June 3, 2003
WAYNESVILLE – Waynesville has always been noted for Fort Leonard Wood, Army fatigues and short haircuts – and a few other things associated with military bases.
The bustling town in south central Missouri – home of the nation’s largest military training base –may be in the process of earning a different reputation: a place where God is doing something special.
Harmony Baptist Church, for example, has baptized 65 people since Jan. 1.
Westside Baptist Church, located less than three miles down the road from Harmon, is on track to baptize about the same number as one year ago – 69.
"Things are going crazy right now," says Dwain Carter, pastor of Harmony Baptist Church, located a short distance west of the main gate at Fort Wood. "God has done some pretty neat things."
Since Jan. 1, there have been 75 salvation decisions through the ministries at Harmony, Carter said.
"People are excited about what God is doing," he added. "About the only change we’ve made is to go to a more blended music mix in our worship service. We’ve got a very casual church dress-wise. We’ve got a fantastic children’s and youth program. Our people are very mission minded, and I just preach the Word."
Harmony is a relatively new church. Founded in 1979, the church had only 48 in Sunday School and 62 in the worship service Carter’s first Sunday in the pulpit. Worship attendance now is about 200.
"We’ve been a pacesetter church every year since I’ve been here," Carter said. "But this year it has kind of exploded."
Carter describes Harmony’s approach as "very outgoing."
"We don’t do F.A.I.T.H. (the Southern Baptist LifeWay evangelism program). We are just a very intentional church and the people are very intentional about their faith. They look for every opportunity to share."
Harmony is Carter’s third pastorate. He previously served at First Baptist, Leeton, and First Baptist, Keytsville.
"I grew up in Salisbury and didn’t get saved until I was 26," Carter recalls. "What happened was that we got a letter from some friends inviting us to go to a high attendance day at Sunday School. My wife and I decided to go, and it was about 1 1/2 years before I accepted the Lord. I was very sporadic during that time."
It was about three months after the salvation experience that Carter felt the call to preach.
With Westside Baptist Church located nearby, Carter said he doesn’t see that church or any other church as competition.
"If we’re not building the Kingdom, then we’re not doing what we’re supposed to do," Carter said. "Our mission statement says that Harmony Baptist is striving to make Christ known.
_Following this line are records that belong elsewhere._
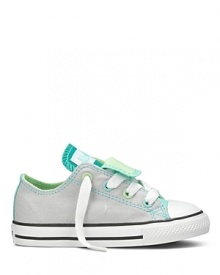 Double tongue Converse sneakers. A colorful canvas classic that transcends the ages. Double tongue Converse sneakers. A colorful canvas classic that transcends the ages.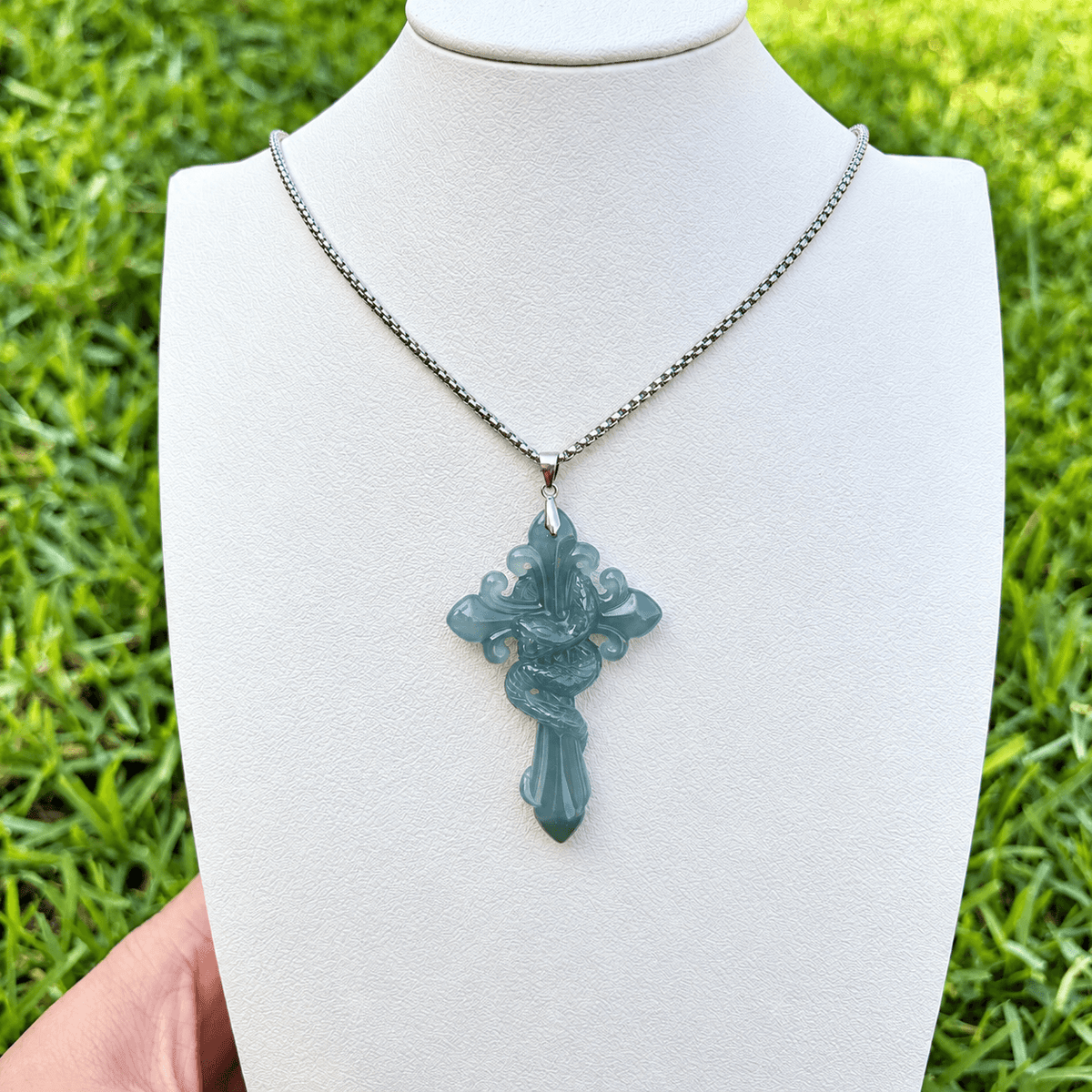 A silver chain necklace with a carved cross pendant made of a typa A jadetie, displayed on a white jewelry bust with a hand holding the left side and a green grass background.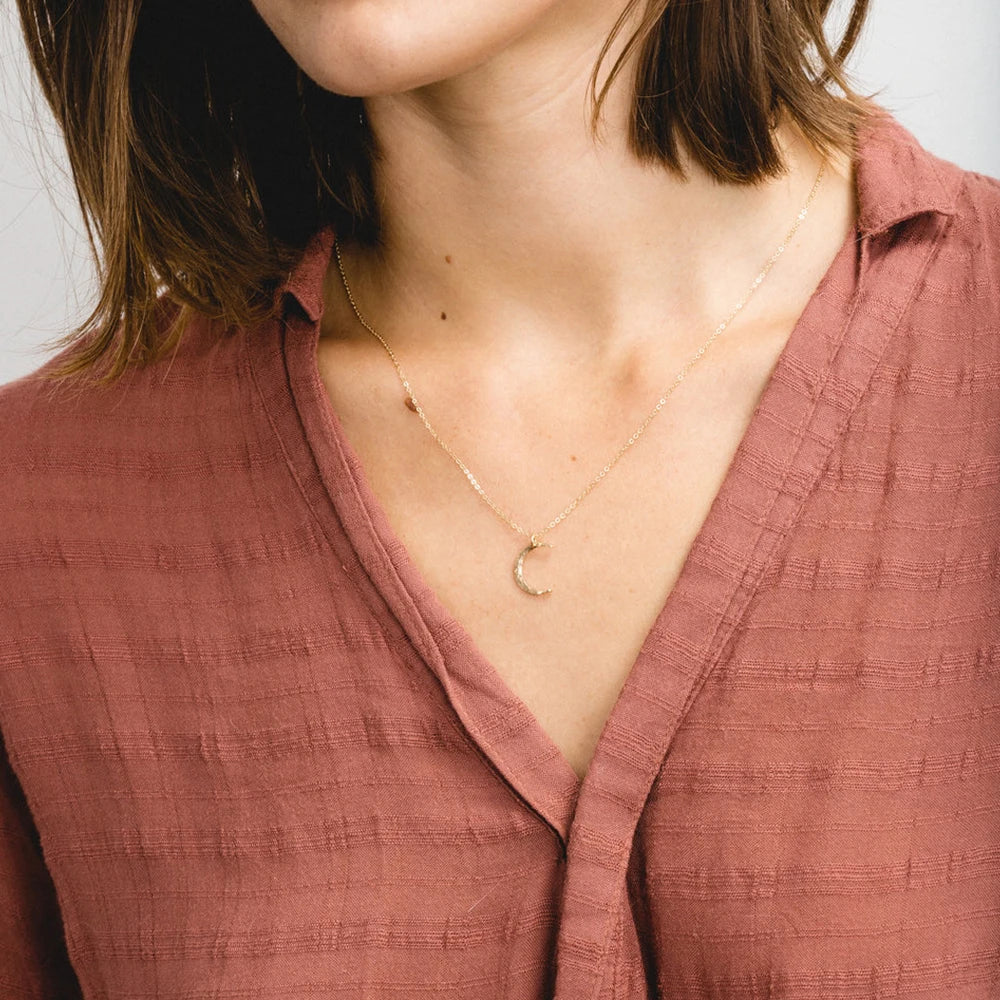 Elegant moon necklace for women featuring a premium stainless steel pendant with a minimalist celestial design, tarnish-resistant finish, and versatile styling for everyday fashion jewelry looks.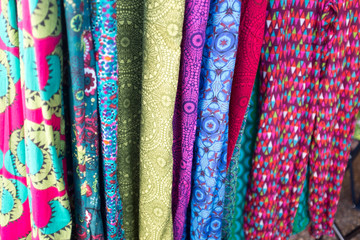 background of colourful fabric hanging vertically 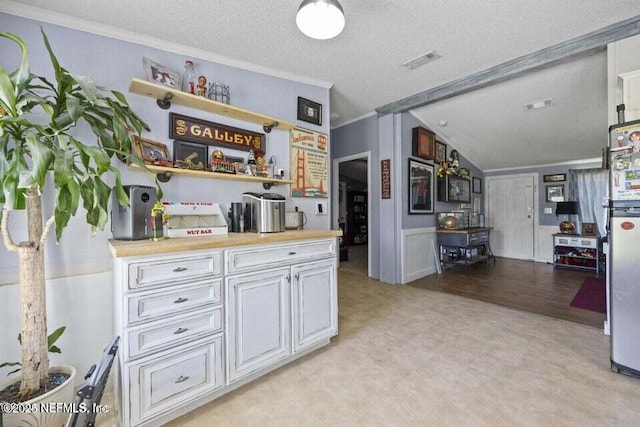 kitchen with stainless steel fridge, a textured ceiling, white cabinetry, and ornamental molding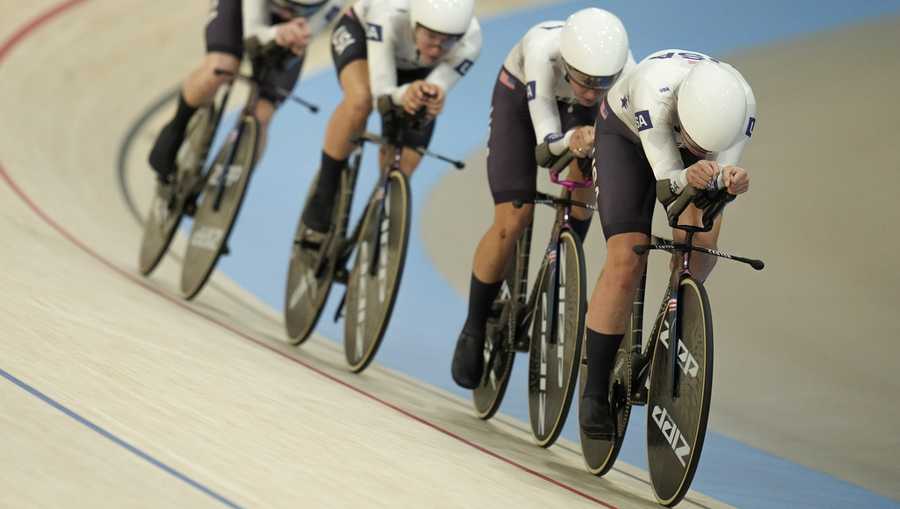 United States' Jennifer Valente, Lily Williams, Chloe Dygert and Kristen Faulkner compete on their way to clinch the gold medal in the women's team pursuit event, at the Summer Olympics, Wednesday, Aug. 7, 2024, in Paris, France. (AP Photo/Ricardo Mazalan)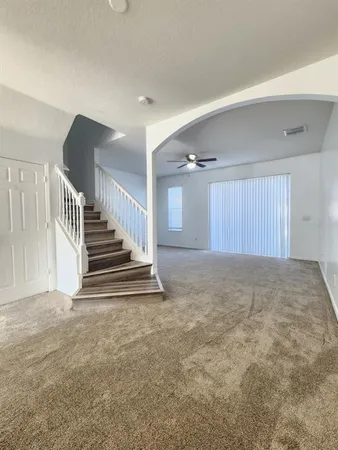 a view of an empty room with stairs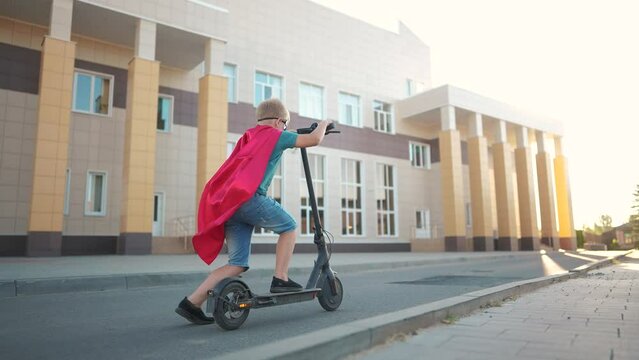 boy superhero on electric scooter. happy family kid lifestyle dream concept. a boy on electric scooter rides on a large square in the city center under a blue sky with clouds sun. superhero boy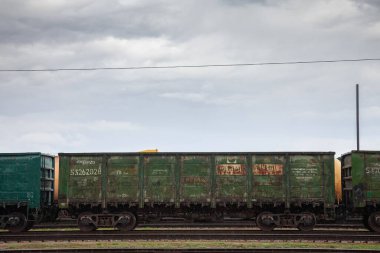 JELGAVA, LATVIA - AUGUST 20, 2023: Open Wagons, also called Gondola wagons on a yard of latvian railways in jelgava, belonging to RZHD Russian railways using them for exports despite sanctions. clipart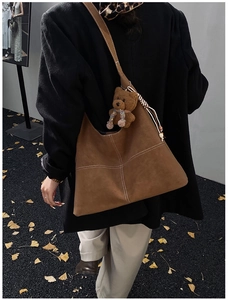 Brown suede tote bag with white contrast stitching and bear charm in autumn street scene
Everything we do has to meet two criteria. It must glorify God and edify people. If it doesn’t meet these two standards, we don’t do it.
"And there have been a few programs we’ve backed out of because they were more people-building, more ego-building than God-honoring."
One thing Harmony has found that Carter believes is God-honoring and is drawing people to the church is group meetings in homes.
"We have groups that meet every night with the exception of Wednesday and Friday," he said. "We don’t really do anything special to reach the Fort; nothing other than by word-of-mouth and a lunch every Wednesday on post where some of our people who work there bring someone with them."
At Westside, Pastor John Shaw has experienced a remarkable growth in attendance during his 3 1/2 years at the helm. Average worship attendance has shot up from 200 to 600 on Sunday mornings. Sunday School attendance has grown from 180 to about 450.
Westside now has three Sunday worship services – a traditional service at 9 a.m. and contemporary-style services at 10:15 and 11:30 a.m.
"At least 65 percent of our people are from the military," Shaw said. "We decided to begin the contemporary services because a lot of the people who are transferred to Fort Leonard Wood were used to that type of service in the church they attended.